As pesquisas divulgadas na semana passada mostraram, no agregado, uma resistência do suporte ao governo federal. Os números do Instituto Datafolha, divulgados na Folha de S. Paulo de 29 de abril, ou seja, algum tempo depois da saída do ministro da Saúde, Luiz Henrique Mandetta e imediatamente após a saída do ministro da Justiça, Sérgio Moro, mostra que apesar da popularidade dos ministros defenestrados, os efeitos agregados na popularidade do governo foram pequenos.

Os números desagregados entretanto, mostram mudanças que não devem ser desprezadas. Se entre os que ganham até três salários mínimos, os que avaliam o governo Bolsonaro como ótimo e bom subiu de 24% para 32% entre dezembro/2019 e abril/2020, no mesmo período os indicadores entre os que ganham mais de cinco salários mínimos passaram de 44% a 35%, enquanto nesta faixa de renda a avaliação do governo como ruim/péssimo subiu de 30% a 41%.

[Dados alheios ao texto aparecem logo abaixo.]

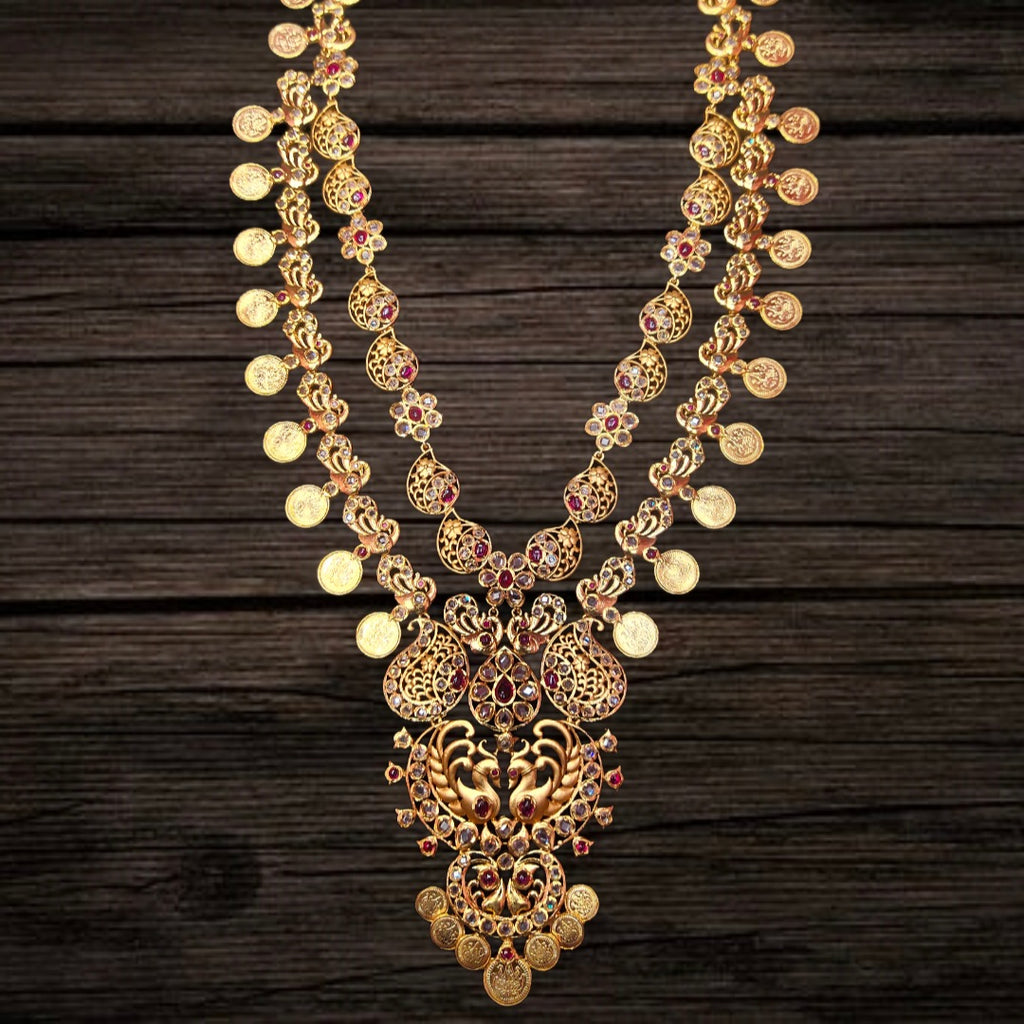 Uncut Diamond Kasu Mala - 24K Gold Plated Luxury Temple Necklace with Earrings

Quanto ao corte de escolaridade, os números seguem na mesma direção. Entre os que têm ensino fundamental, a avaliação do governo como ótimo e bom vai de 29% a 37%, enquanto a avaliação como ruim/péssimo cai de 39% a 35%. Na faixa de ensino superior, enquanto ótimo/bom cai de 35% a 31%, a avaliação como ruim e péssimo sobe de 36% a 47%, segundo a pesquisa Datafolha.

Uma leitura possível aqui é a de que os mais pobres (e com menor escolaridade) se sentem beneficiados pelo auxílio emergencial, que apesar de na sua forma final ter sido desenhado pelo Congresso, especialmente a Câmara de Deputados, o associam a uma “benesse” do governo federal, já que sua implementação se dá pelos instrumentos do poder executivo. De outro lado, a vacilação quanto ao enfrentamento da pandemia, muitas vezes confrontando o bom senso e o consenso internacional (como no tema do isolamento social), com a aposta em crendices e suposições contra a avaliação científica mais consolidada, faz com que o governo perca evidentemente suporte nas faixas de maior renda, e em especial nas faixas de maior escolaridade.

O Datafolha mostrou também naquela altura o aumento da resistência ao isolamento social amplo, que teria caído de 60% a 52% entre os primeiros três dias de abril e 27 de abril, enquanto a posição de “sair para trabalhar” teria passado de 37% a 46%.

A pesquisa revela uma população em que a perspectiva do bolsonarismo se mantém, mas migra progressivamente para os mais pobres. A perda de suporte é rápida entre os mais ricos/com mais escolaridade, aparentemente a turma que sustentou o bolsonarismo nas ruas desde 2015/2016, e em especial na campanha de 2018. Isso também reforça uma maior dependência do bolsonarismo em relação aos seus setores mais ligados a milícias e ao “partidarismo evangélico”. É inclusive provável, na medida em que são identificados nos atos realizados em Brasília mais e mais funcionários de ministérios e parlamentares bolsonaristas, que a concentração dos atos mais recentes na capital federal (em especial, as “domingueiras antidemocráticas”) seja a expressão de sedimentar essas manifestações entre assessores parlamentares e nos ministérios e órgãos públicos, como garantia de sucesso dos atos.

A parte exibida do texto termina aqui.